Хорошо, что сейчас ночь, что я один в моей комнате и не жду никого, даже самого желанного друга. Я только что вернулся с прогулки по берегу Сены: был тихий вечер. Он как-то очистил меня и успокоил. Было прекрасное небо Парижа, лучше которого, вероятно, только небо России, но я уже не помню его.
Я бродил по берегу, смотрел на Сену, на небо и обдумывал мой рассказ. Как бы сделать его попроще и правдивее? Как бы сделать так, чтобы мне поверили и чтобы почувствовали тот особенный воздух, которым я дышал всю жизнь?..<Постараюсь говорить так, как говорят на исповеди. Или так, как говорят с близким другом, вполголоса, почти шепотом, чтобы не потревожить кого-то спящего рядом большим сном…>
По мосту проходил автобус № 8. Я вздрогнул, еще мгновение и я бы бросился догонять его. Ведь он идет на улицу Dareau. Но уже было поздно. И теперь навсегда, навсегда уже будет поздно…
В тот вечер я пришел к ним, чтобы поужинать, пойти с Сергеем Андреевичем на второе собрание начинавших тогда шуметь евразийцев. Накануне я забежал к ним после службы, чтобы условиться на завтра. Помню, как С<ергей> А<ндреевич> сидел за столом в столовой и штемпелевал какие-то билеты (кажется, на вечер Турген<евской> библиотеки).

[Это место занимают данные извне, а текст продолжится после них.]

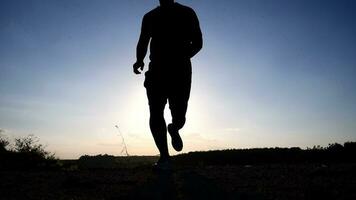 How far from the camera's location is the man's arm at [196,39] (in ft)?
18.8

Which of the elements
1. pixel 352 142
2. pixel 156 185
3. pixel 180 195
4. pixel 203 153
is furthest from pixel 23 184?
pixel 203 153

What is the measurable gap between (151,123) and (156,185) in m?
2.28

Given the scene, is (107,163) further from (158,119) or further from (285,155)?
(158,119)

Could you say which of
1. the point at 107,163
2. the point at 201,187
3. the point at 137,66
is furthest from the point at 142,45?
the point at 107,163

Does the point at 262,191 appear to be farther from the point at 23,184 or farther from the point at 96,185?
the point at 23,184

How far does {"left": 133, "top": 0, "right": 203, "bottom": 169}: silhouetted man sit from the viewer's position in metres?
5.50

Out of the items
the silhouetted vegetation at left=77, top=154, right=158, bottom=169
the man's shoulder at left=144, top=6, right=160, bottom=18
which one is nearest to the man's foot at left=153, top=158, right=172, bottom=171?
the silhouetted vegetation at left=77, top=154, right=158, bottom=169

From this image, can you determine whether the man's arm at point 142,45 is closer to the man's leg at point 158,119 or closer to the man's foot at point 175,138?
the man's leg at point 158,119

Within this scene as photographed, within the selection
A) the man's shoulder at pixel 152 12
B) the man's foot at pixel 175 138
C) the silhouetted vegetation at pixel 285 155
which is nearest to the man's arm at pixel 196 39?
the man's shoulder at pixel 152 12

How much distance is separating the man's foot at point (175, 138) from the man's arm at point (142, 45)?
0.98 meters

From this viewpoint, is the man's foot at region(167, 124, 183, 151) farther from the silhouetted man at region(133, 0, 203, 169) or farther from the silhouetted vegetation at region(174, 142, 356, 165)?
the silhouetted vegetation at region(174, 142, 356, 165)

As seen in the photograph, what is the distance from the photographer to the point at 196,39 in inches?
227

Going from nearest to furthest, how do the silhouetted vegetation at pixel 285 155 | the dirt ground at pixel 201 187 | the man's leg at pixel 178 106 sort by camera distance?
the dirt ground at pixel 201 187 → the man's leg at pixel 178 106 → the silhouetted vegetation at pixel 285 155

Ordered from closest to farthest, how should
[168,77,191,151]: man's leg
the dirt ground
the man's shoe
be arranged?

Он выглядел немного уставшим, щеки как-то больше обыкновенного обмякли и повисли и сотрясались от каждого удара печаткой, мелкие капельки пота блестели между морщинами на лбу, пенсне ежеминутно сползало на кончик крупного носа. Время от времени он поглядывал на меня поверх пенсне, и как всегда мне делалось необыкновенно тепло и уютно от мягкого взгляда его голубых, слегка выцветших глаз. Он сидел почему— то в пальто, распахнув его (то ли знобило его, или торопился), по-каторжански крепкие руки размеренно и быстро двигались, и большая белая запонка от круглых стариковских манжет в такт печати ударяла по столу. Танечка сновала тут же, как всегда грустная, о чем-то думала и молчала[243].
«Сергей Андреевич, да Вы хоть шарф снимите», — сказал я. «Д-да, д-да, я с-сейчас», — был растерянный ответ, но шарф так и остался на шее, и торопливая работа печаткой продолжалась. Не знаю почему, мне вдруг стало не по себе. Воздух был какой-то странный, тяжелый. «Уж не поссорились ли?» Но Танечка имела вполне миролюбивый вид, а С<ергей> <Андреевич> время от времени взглядывал на нее кроткими, но какими-то «отсутствующими» глазами.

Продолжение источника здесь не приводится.